# I changed my mind MOS problems?



## shift1 (Dec 31, 2013)

I was all set to buy a new MOS version model 41 and caught a video on you tube and few other posts around the Web on these new glocks. Disappointed shooters have their reflex sight fly off the slide and hitting them in the face is the word. Shooters in many areas mainly with 45's or the 10 mm version MOS and some 40's are in there with the screws holding the sight down loosing up and letting the sight go. I read people have called glock and they are telling people to contact the sight manufacturer to get the correct screws,now that's wrong I say! Glock should have researched this long before releasing these guns don't you think? Some shooters also saying the plates on the slides are junk also? I hear good things about the S&W core pistols, no problems like this but damn I wanted the glock. I know you can get the screws and plates online from trijicon but wouldn't you like to have the gun ready to go right out of the box for your hard earned money?


----------



## desertman (Aug 29, 2013)

shift1 said:


> I was all set to buy a new MOS version model 41 and caught a video on you tube and few other posts around the Web on these new glocks. Disappointed shooters have their reflex sight fly off the slide and hitting them in the face is the word. Shooters in many areas mainly with 45's or the 10 mm version MOS and some 40's are in there with the screws holding the sight down loosing up and letting the sight go. I read people have called glock and they are telling people to contact the sight manufacturer to get the correct screws,now that's wrong I say! Glock should have researched this long before releasing these guns don't you think? Some shooters also saying the plates on the slides are junk also? I hear good things about the S&W core pistols, no problems like this but damn I wanted the glock. I know you can get the screws and plates online from trijicon but wouldn't you like to have the gun ready to go right out of the box for your hard earned money?

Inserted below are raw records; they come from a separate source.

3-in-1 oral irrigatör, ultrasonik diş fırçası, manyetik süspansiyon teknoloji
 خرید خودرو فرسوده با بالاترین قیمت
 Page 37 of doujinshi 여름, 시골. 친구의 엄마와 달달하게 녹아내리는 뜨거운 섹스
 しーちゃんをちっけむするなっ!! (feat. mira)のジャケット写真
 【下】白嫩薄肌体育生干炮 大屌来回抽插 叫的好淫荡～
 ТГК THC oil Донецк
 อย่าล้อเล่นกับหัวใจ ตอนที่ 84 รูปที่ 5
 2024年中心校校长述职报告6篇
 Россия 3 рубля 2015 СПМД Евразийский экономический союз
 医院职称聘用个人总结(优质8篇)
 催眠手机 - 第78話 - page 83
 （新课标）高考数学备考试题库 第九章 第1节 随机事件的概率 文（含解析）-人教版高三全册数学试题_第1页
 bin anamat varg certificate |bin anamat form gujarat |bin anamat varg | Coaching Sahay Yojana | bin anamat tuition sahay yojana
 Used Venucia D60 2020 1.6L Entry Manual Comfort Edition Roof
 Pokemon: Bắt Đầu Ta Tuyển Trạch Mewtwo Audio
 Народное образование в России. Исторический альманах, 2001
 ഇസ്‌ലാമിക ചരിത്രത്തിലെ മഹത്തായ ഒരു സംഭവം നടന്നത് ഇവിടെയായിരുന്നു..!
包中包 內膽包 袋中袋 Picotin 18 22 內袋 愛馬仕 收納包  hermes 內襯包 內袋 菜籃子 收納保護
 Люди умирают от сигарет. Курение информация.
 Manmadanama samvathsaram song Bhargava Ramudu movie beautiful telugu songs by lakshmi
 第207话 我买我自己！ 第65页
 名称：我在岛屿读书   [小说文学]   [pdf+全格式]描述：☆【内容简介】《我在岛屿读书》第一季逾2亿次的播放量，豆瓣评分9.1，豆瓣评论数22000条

I'm not really interested in a MOS system for myself. But I would think a bit of "loctite" should solve the problem. In fact I would recommend that for any screw on accessories for any make of gun. Other than maybe grips. I'm not sure and am not familiar with that type of system and it's components. Given the variety of Modular Optic Sights that are available each might require their own set of screws due to the length and type of screws. Is that even a possibility? The screws that come with the Glock might be meant to only hold down the plate when the sight is not in use? Just a guess I really don't know. Otherwise you can't expect Glock to provide sets of screws for every set of MOS sights that are available. I would think that they would come with those sights. If you really want the Glock, and it sounds like you do, I'd get it. It seems to me that this would be an easy problem to resolve. Sometimes you can't go by what you see on some of these video's. It's quite possible that the sights were not secured properly to the slide to begin with. If the threaded screw holes in the slide were slightly oversized for the screws that accommodate them or the screws that were provided snapped off because of inferior materials then indeed that would be the fault of the manufacturer of either the gun or the sights.


----------



## shift1 (Dec 31, 2013)

At the range today and talk is escalating about this MOS failure. People saying lock tite is not recommended and glock should be providing the correct screws for the sights,after all the price of these new models are a bit steep. Also there are more than a few threads or videos around the Web on this issue.


----------



## BFriia (Jun 23, 2015)

*Glock MOS System*



shift1 said:


> I was all set to buy a new MOS version model 41 and caught a video on you tube and few other posts around the Web on these new glocks. Disappointed shooters have their reflex sight fly off the slide and hitting them in the face is the word. Shooters in many areas mainly with 45's or the 10 mm version MOS and some 40's are in there with the screws holding the sight down loosing up and letting the sight go. I read people have called glock and they are telling people to contact the sight manufacturer to get the correct screws,now that's wrong I say! Glock should have researched this long before releasing these guns don't you think? Some shooters also saying the plates on the slides are junk also? I hear good things about the S&W core pistols, no problems like this but damn I wanted the glock. I know you can get the screws and plates online from trijicon but wouldn't you like to have the gun ready to go right out of the box for your hard earned money?


I purchased a Glock 34 with the MOS feature. I bought an STS2 C-More for the sight - found out the plate that goes with the Glock 34 is not compatible with the STS2. Called Glock and got the run around on when the mounting plate for the STS2 would be available. Wrote a letter to Glock Austria - got a response and the new plate with the correct mounting screws in 10 days - that impressed me. Had no issues with the sight (used locktite on the mounting screws) works great - I have put at least 1000 rounds through the G34 with the sight and no issues.


----------



## Shipwreck (Jan 26, 2006)

I have a friend with one of these. I thought these would be cool. But after trying one, it's not for me... I will stick to normal sights.


----------



## shift1 (Dec 31, 2013)

It's always nice to contact corporate and get positive action from it. I heard and read so far that the model 34 MOS has had little to no issues with the sight mounting. I wanted a 45 acp model maybe thought it would be better for me because my model 21 is a great shooter. I have moved on from the MOS for now,maybe down the road? I bought a gen.3 26 last week and I'm pretty happy with my herd for now.


----------



## AngeloG (Aug 26, 2012)

I have the Glock17 Gen4 MOS with a Viper red dot. I have 400 rounds thru this gun and the sight has not come loose. The plates that came with the Glock are thicker than the ones that came with my S&W CORE. The CORE has over 800 rounds thru it and the sight has never come loose. When you mount a sight you have to use blue Loctite. The sight maker is the one to supply the right size screws for the red dot.


----------